Deep Graph Kernel (DGK) [81]: This is a holistic framework that learns the hidden representations of sub-structures to exploit structural information.

Traditional unsupervised learning approaches:

—

Sub2Vec [1]: This provides an unsupervised approach that preserves graph structural information by inferring interpretable representations of decomposed subgraphs.

—

Graph2Vec [50]: This is a well-known unsupervised method to obtain data-driven graph-level representations with structured semantics embedded.

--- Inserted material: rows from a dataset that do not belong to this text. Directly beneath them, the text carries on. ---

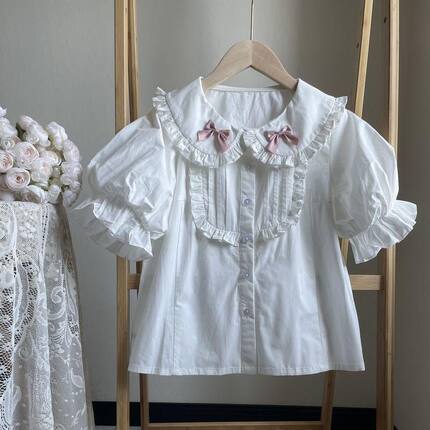 lolita内搭领泡泡袖衬衫Lolita甜美内搭可爱蝴蝶结纯白色打底上衣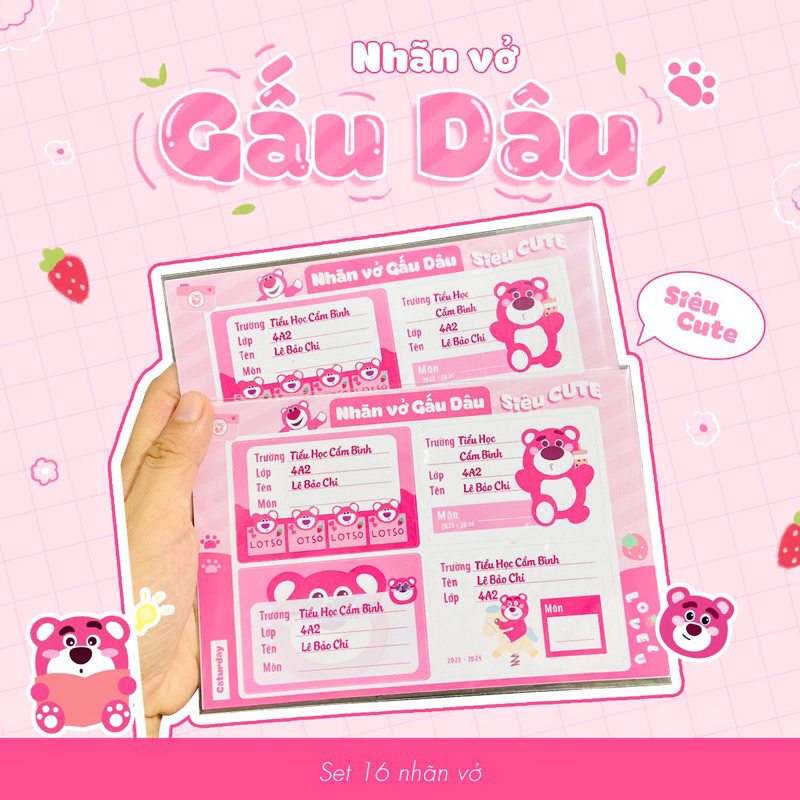 SET 24 NHÃN VỞ Capybara, Gấu dâu Lotso, Kuromi, Totoro, Doraemon, nhiều ...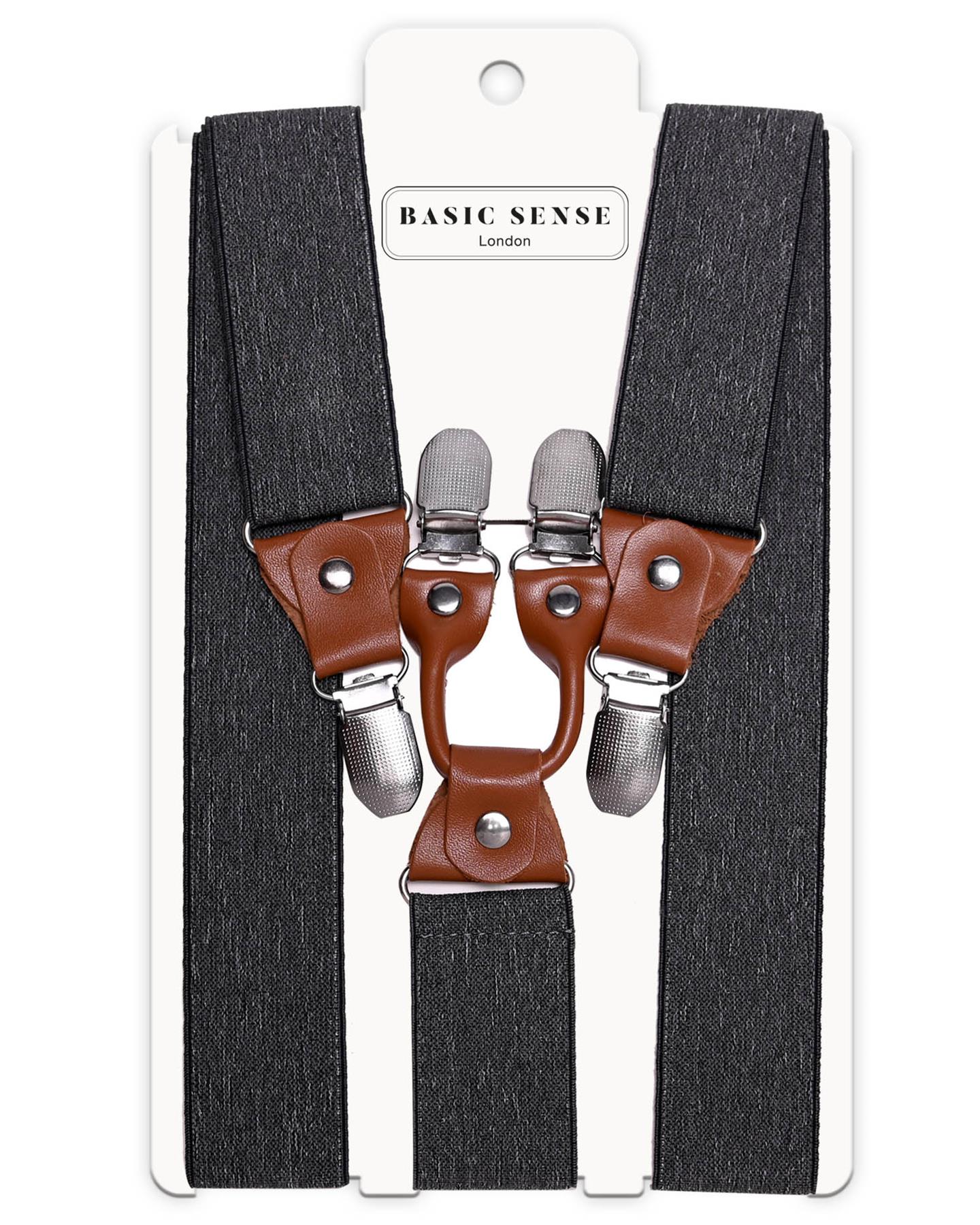 Men Plain Suspenders for Trouser, Thick 35mm Y Shape Wide Leather Braces - Picture 19 of 22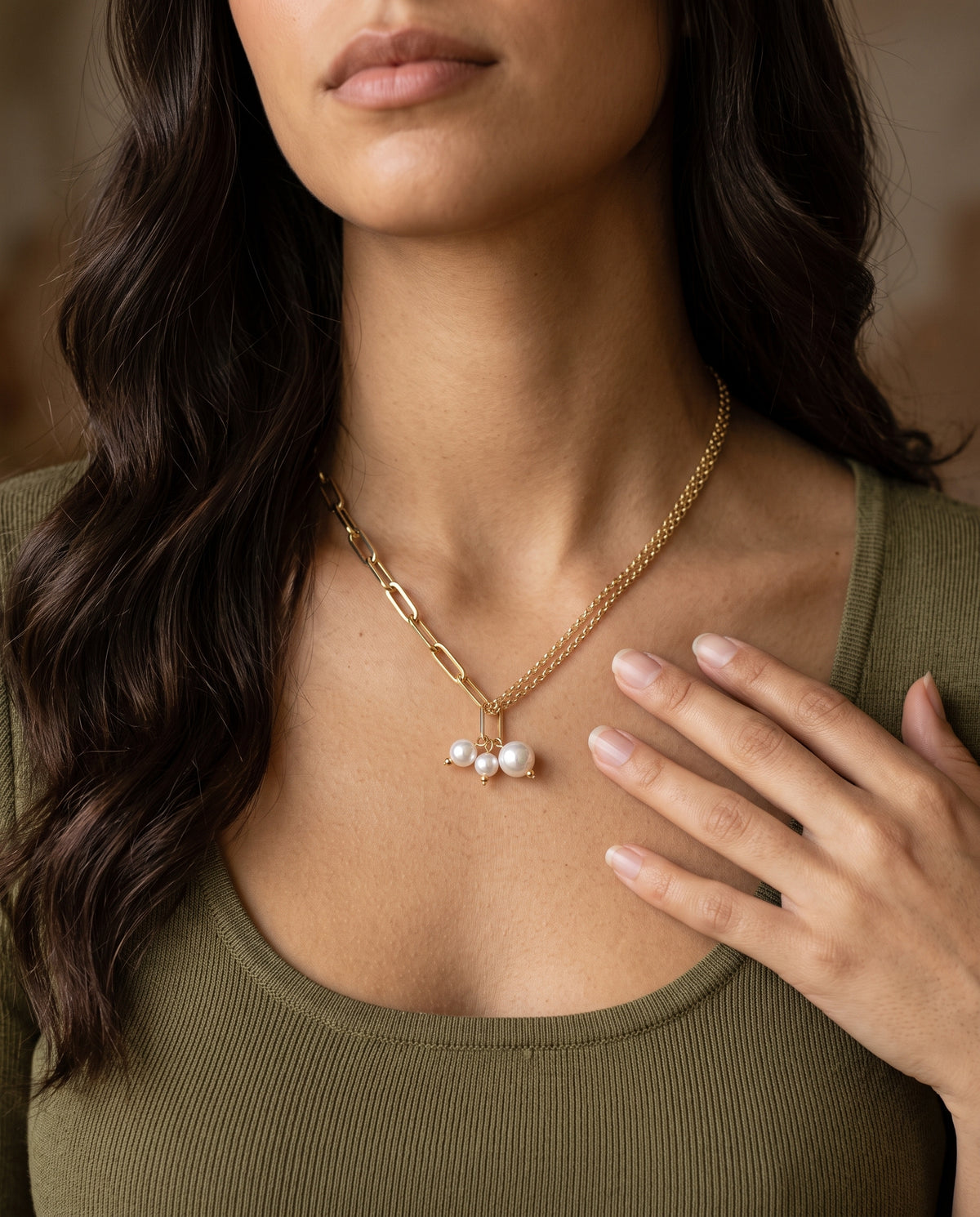 Gold Filled Paperclip Toggle Necklace worn by a model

Graph contrastive learning approaches:

—

InfoGraph [60]: It generates discriminative graph-level representations via mutual information maximization between the graph-level representations and patch-level representations of different scales.

—

GraphCL [83]: It introduces some basic graph augmentation techniques that accommodate different priors and then performance contrastive learning over graphs using the classic framework [7].

—

CuCo [8]: It combines the concepts of curriculum learning and contrastive learning, which automatically choose the negative samples during optimization for unsupervised graph-level representation learning.

—

JOAO [82]: It proposes a bi-level optimization framework to adaptively determine proper augmentation strategies for various datasets, which tackles the issue that GraphCL [83] needs prior knowledge.

—

AD-GCL [62]: This utilizes an adversarial learning scheme to generate effective augmented views for graph samples, which allows GNNs to capture significant information during the optimization process.

—

RGCL [45]: This incorporates invariant rationale discovery into graph contrastive learning, which utilizes a rationale generator to provide rationale-aware augmented views.

5.1.3 Parameter Settings.

For our model GraphACL, we adopt GIN [79] as our GNN-based encoder following previous methods [79], which is composed of two layers of graph convolution and a sum-pooling layer. The embedding dimensions in the hidden layers are set to 512 for all datasets. The number of negative samples in the bank is set to 512, which is the same as the queue length or the number of negative samples in graph contrastive learning methods [8, 82, 83]. The two introduced weights \(\lambda _1\) and \(\lambda _2\) are both set to 1 as default. The model is trained via Adam optimizer [38] in which the initial learning rate is set to 0.0001.

5.1.4 Protocol.

We evaluate our method using the standard evaluation protocols in References [8, 60]. In detail, the classification accuracy over 10 folds of cross-validation using LIBSVM [5] are reported. We also execute five runs with various random seeds and return both the mean accuracy (in %) and the standard deviation.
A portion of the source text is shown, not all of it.